— DATA EXTRACT —
Content starts

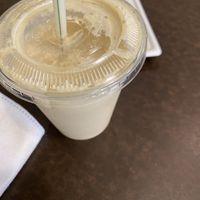 they have smoothies too! this piña colada one was💯 at Grezzo Raw Chocolate in Rome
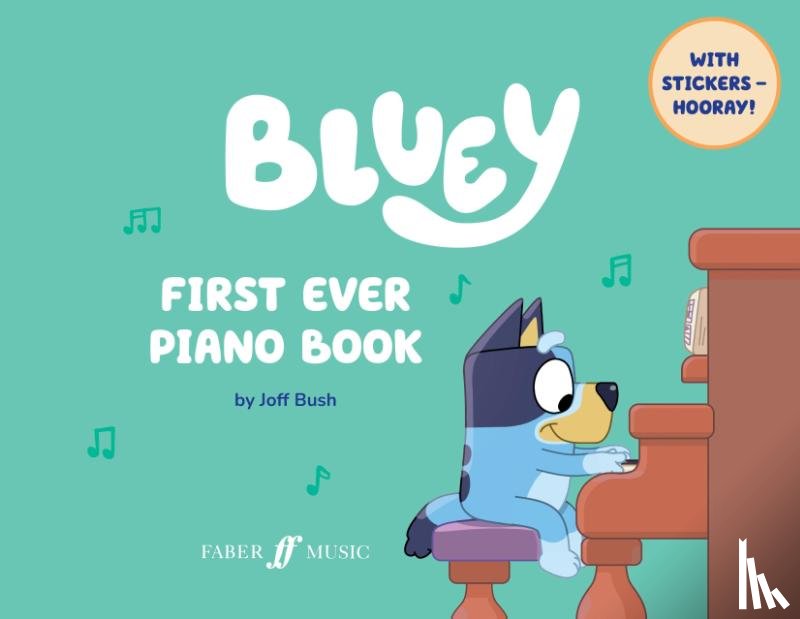  - Bluey: First Ever Piano Book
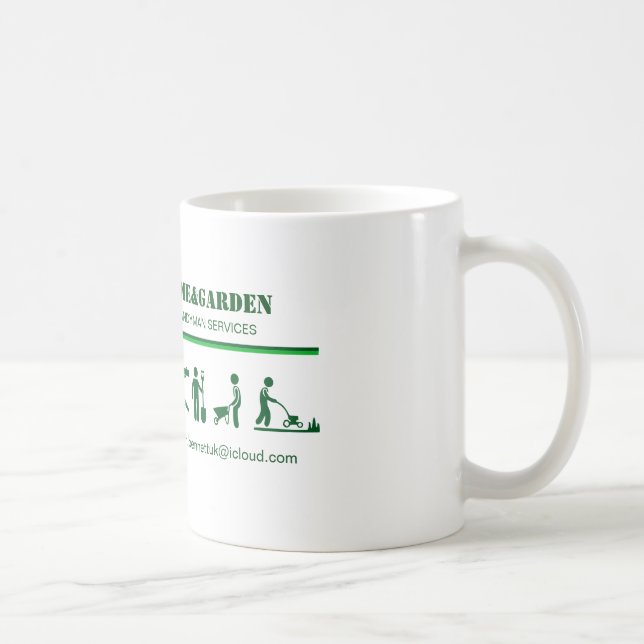 handyman services, Mug for handyman (Right)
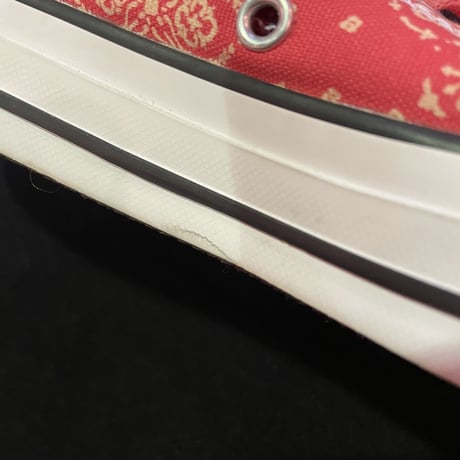 "CONVERSE" PAISLEY SNEAKERS 24.0㎝ [S-4319]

Content ends

— PROBLEM DETAILS —
Write out the material exactly as it stands, omitting every picture.

— EXERCISE SOLUTION —
 they have smoothies too! this piña colada one was💯 at Grezzo Raw Chocolate in Rome
  - Bluey: First Ever Piano Book
 handyman services, Mug for handyman (Right)
 "CONVERSE" PAISLEY SNEAKERS 24.0㎝ [S-4319]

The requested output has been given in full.